The RTA label was developed by ASACP with input from adult companies, free speech attorneys and technical consultants. RTA is designed to better enable parental filtering, and to demonstrate the online adult industry's commitment to helping parents prevent children from viewing age-inappropriate content.

The RTA label has already been endorsed by companies like Channel 1 Releasing, Company Number 4, Crave Media, Cybersocket, Falcon Studios, Hot Movies, Klixxx, Nasty Dollars, Top Bucks, WRAAC, XBiz and XFanz - as well as noted industry attorneys Lawrence G. Walters and Gregory Piccionelli, and the Free Speech Coalition.

According to FSC Executive Director Michelle Freridge, "The Free Speech Coalition supports the use of ASACP's voluntary self-label as a strategy to empower consumers.
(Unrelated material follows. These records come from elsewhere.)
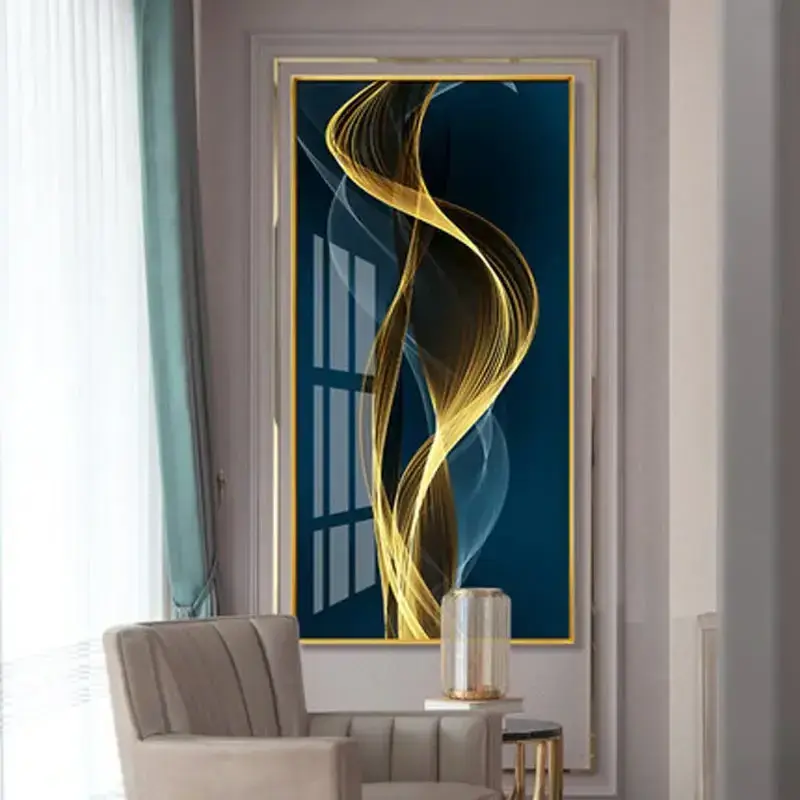 Vertical luxury Three -dimensional abstract Hotel crystal porcelain glass painting prints wall art home decoration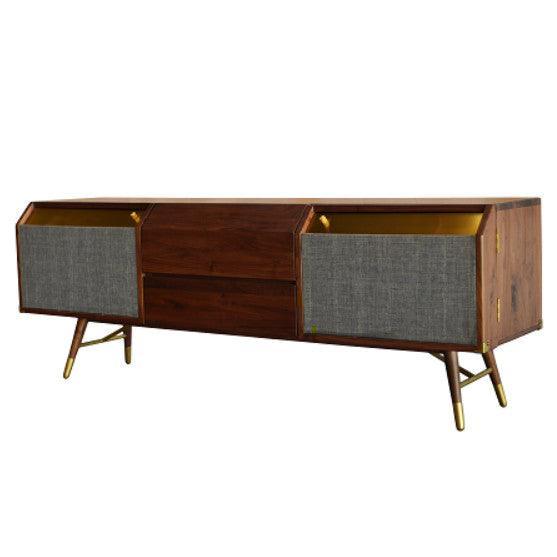 Comoda TV multicolora din lemn de nuc si piele 180 cm Volta Commune - PARIS14A.RO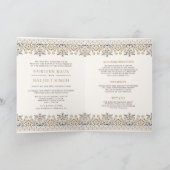 Brown Ikat All in One Anand Karaj Sikh Wedding Einladung (Innenseite)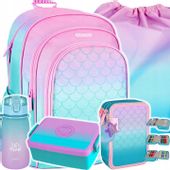 PLECAK SZKOLNY TORNISTER DLA DZIEWCZYNKI OMBRE PIÓRNIK TRZYKOMOROWY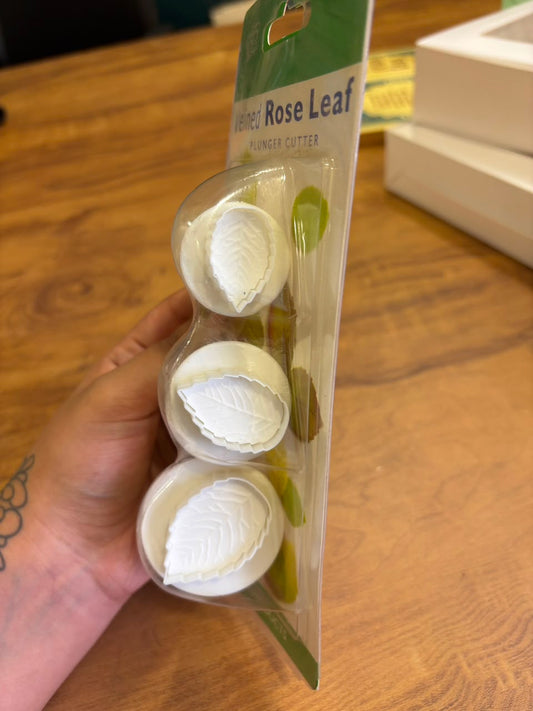 Veined Rose Leaf Plunger Cutter Set of 3 | Fondant & Cake Decorating Tool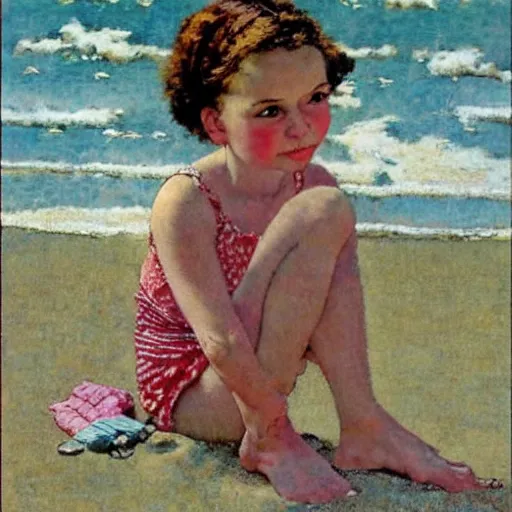 Image similar to “young girl at the beach by Norman Rockwell”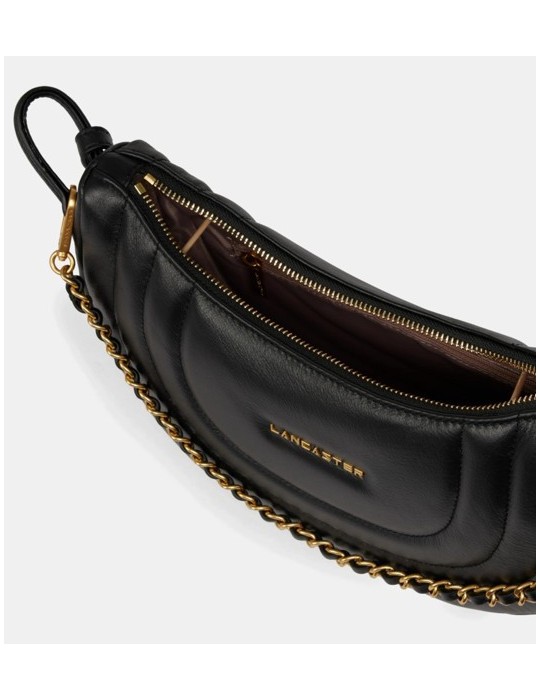 SAC HOBO SOFT CUIR MATELASSE NOIR - LANCASTER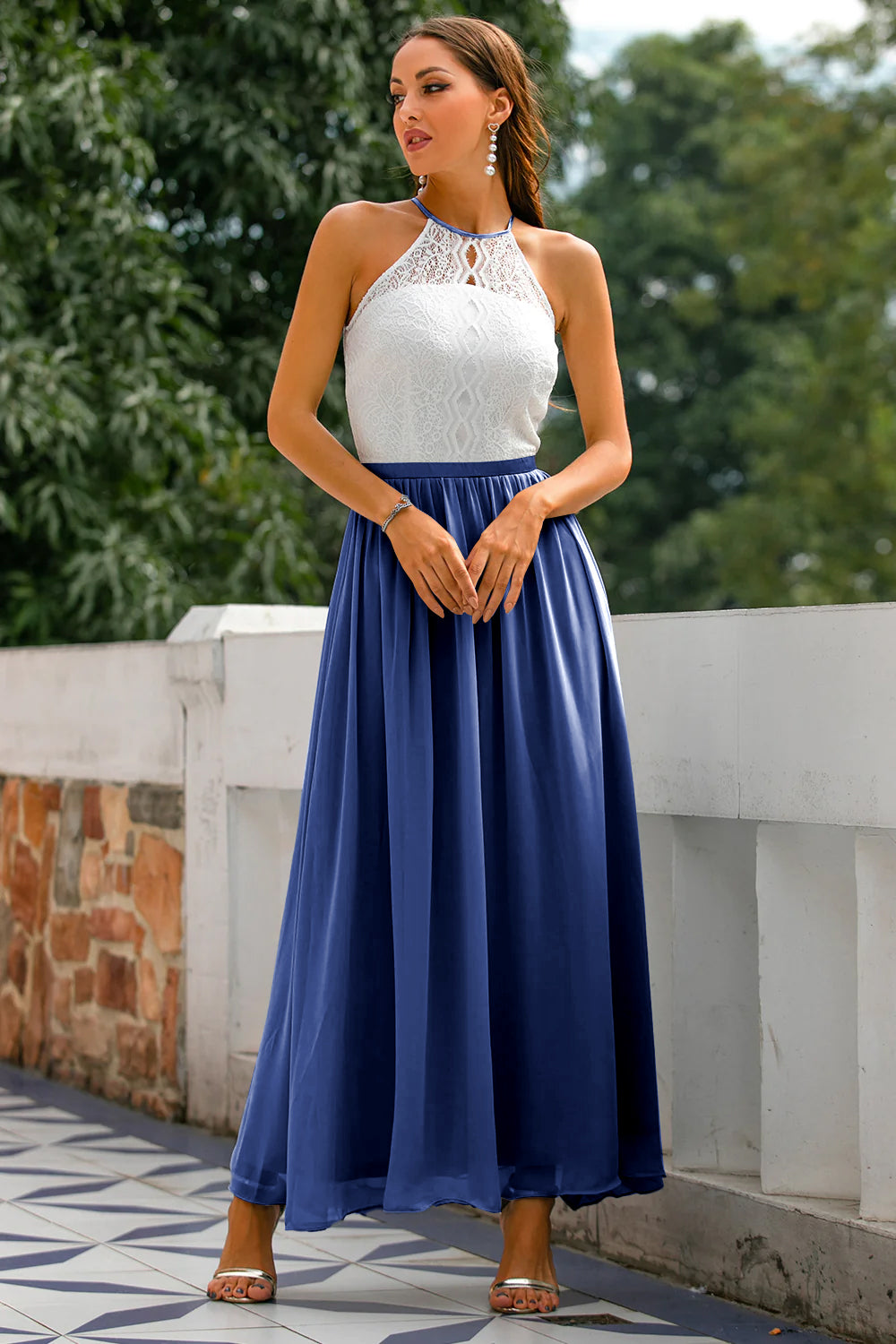 Lauren | Women Wedding Guest Halter Maxi Dress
It's is a responsible best practice for the online industry!"

Last January, during a U.S.Senate hearing entitled "Protecting Children on the Internet," attorney Paul Cambria of the Adult Freedom Foundation was advised to tell his clients that adult sites had better self-label soon - "Because we'll mandate it, if you don't."

A few months later, Attorney General Alberto Gonzales proposed the Child Pornography and Obscenity Prevention Amendments of 2006, which included a requirement for adult webmasters to place meta tags in the headers of every page on every adult site... or face up to five years in prison.
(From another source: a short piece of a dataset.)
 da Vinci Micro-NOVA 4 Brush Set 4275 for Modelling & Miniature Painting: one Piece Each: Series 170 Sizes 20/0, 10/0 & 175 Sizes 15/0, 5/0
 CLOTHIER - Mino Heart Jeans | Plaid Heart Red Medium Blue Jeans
Several bills now pending in Congress incorporate that provision, but ASACP's Executive Director Joan Irvine hopes that united action by the adult entertainment industry will head off new regulations.

"Nobody knows how a government labeling system might work, or how it could affect your business," cautioned Irvine. "And even if mandatory labeling doesn't pass this time, they're sure to keep tossing new rules against the wall until one finally sticks. But we can avoid this, by demonstrating that the industry is capable of self-regulation."
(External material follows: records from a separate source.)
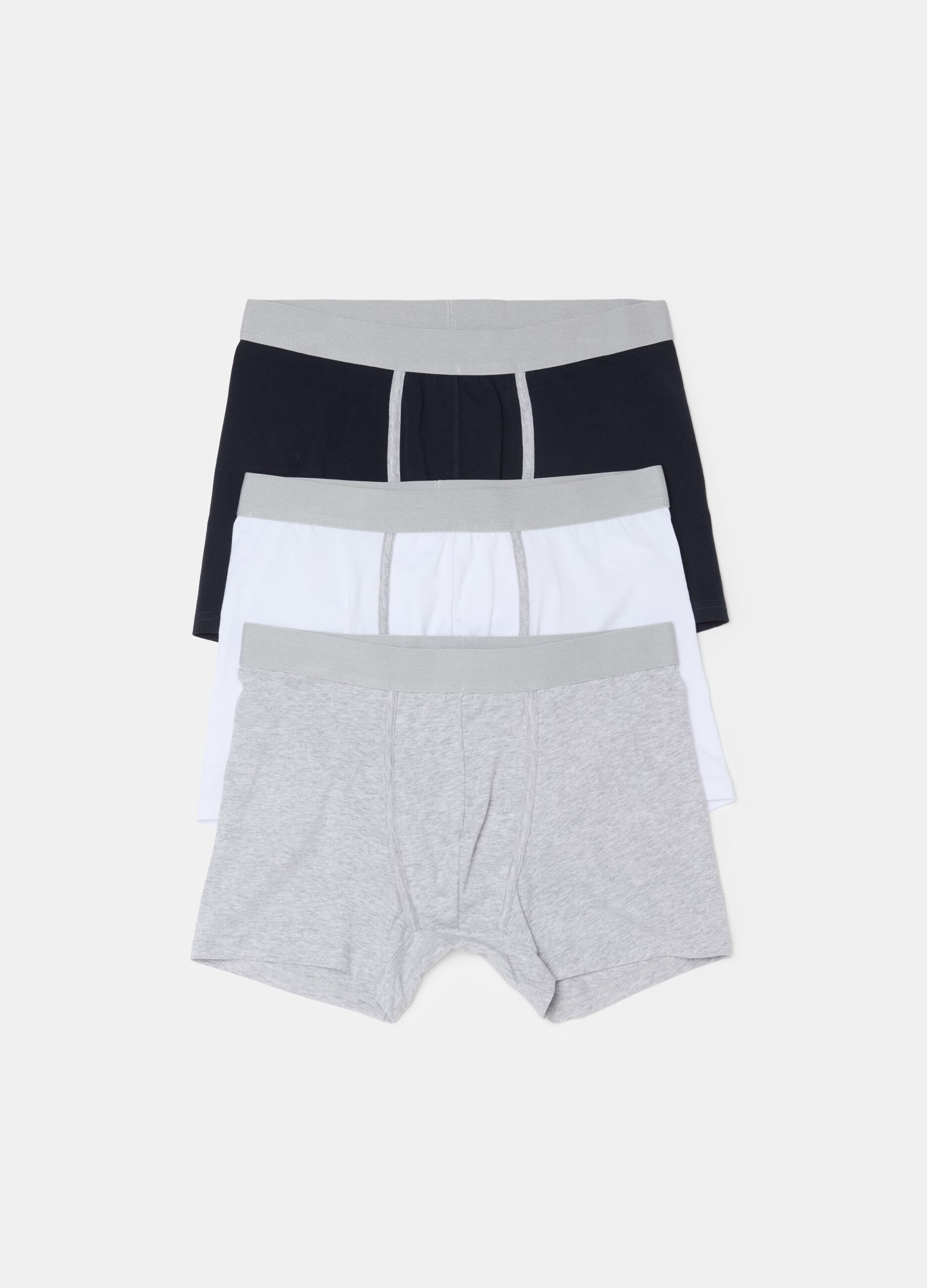 Three-pack midi boxer shorts with external elastic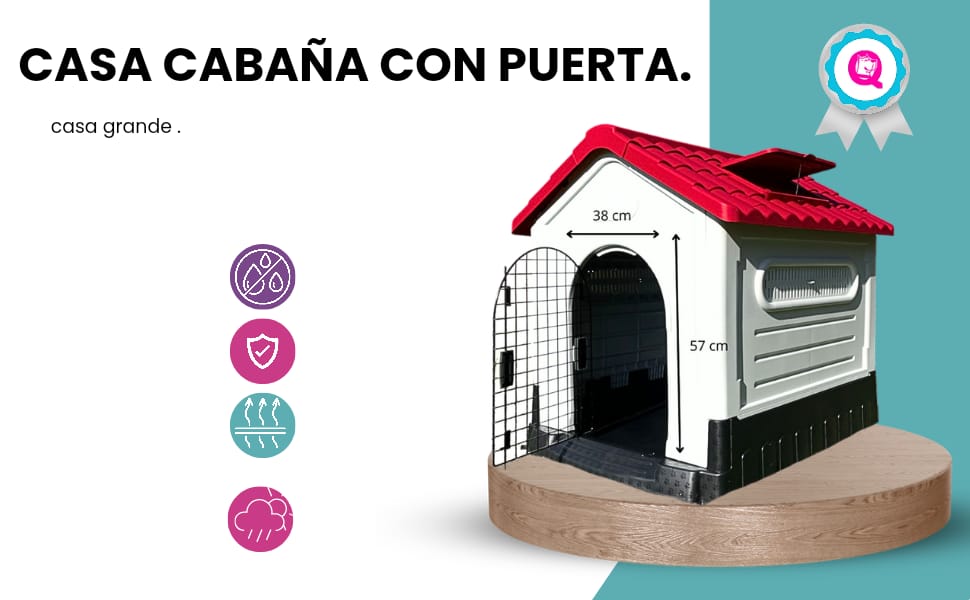 casa para perro grande con puerta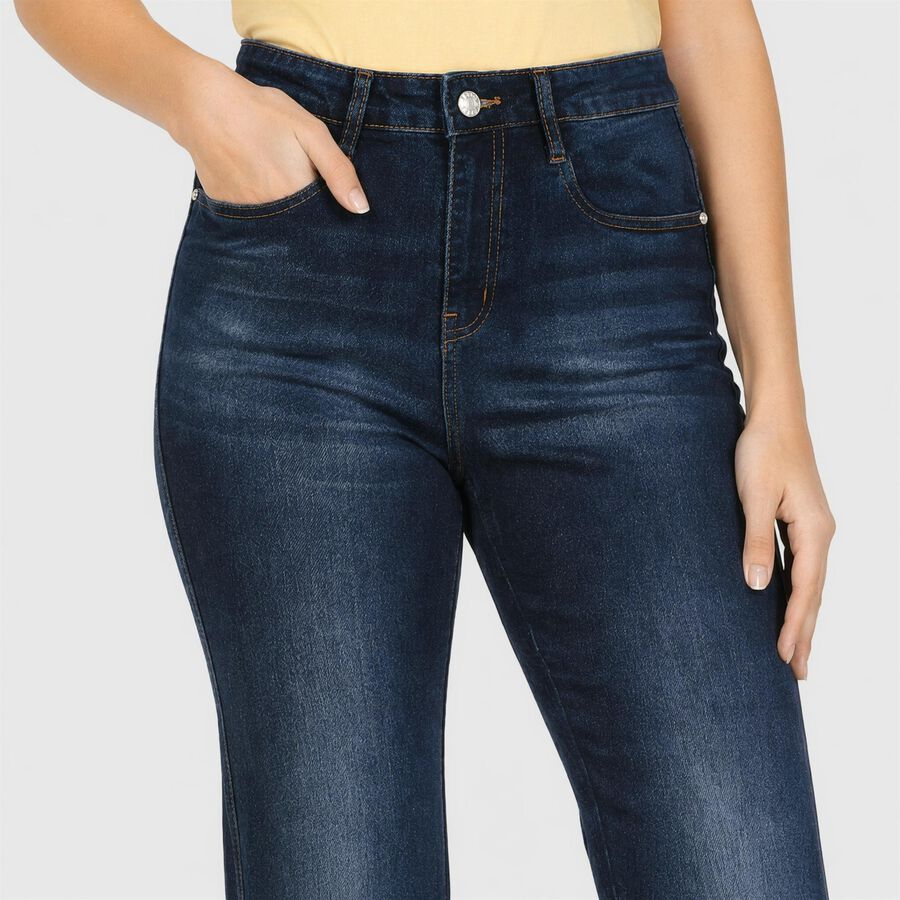 Women's Navy Blue Bootcut Fit Side Slit Button Detail Jeans, गहरा नीला, large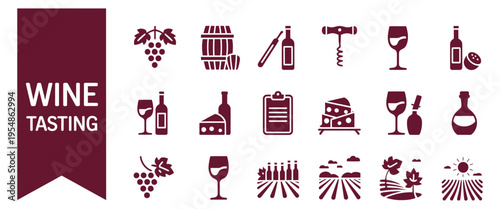 wine tasting icon set featuring grapes, barrels, corkscrews, bottles, glasses, cheese, decanters, and vineyards, flat vector illustration, winery tours,elegant beverage design elements for print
Irvine will speak publicly about the RTA label for the first time later this week, at Webmaster Access West. On Friday, November 10, she will participate in a "State of the Industry" panel, where she will answer questions about the initiative.

Founded in 1996, the Association of Sites Advocating Child Protection (ASACP) is a non-profit organization dedicated to eliminating child pornography from the Internet. ASACP also works to help parents prevent children from viewing age-inappropriate material online.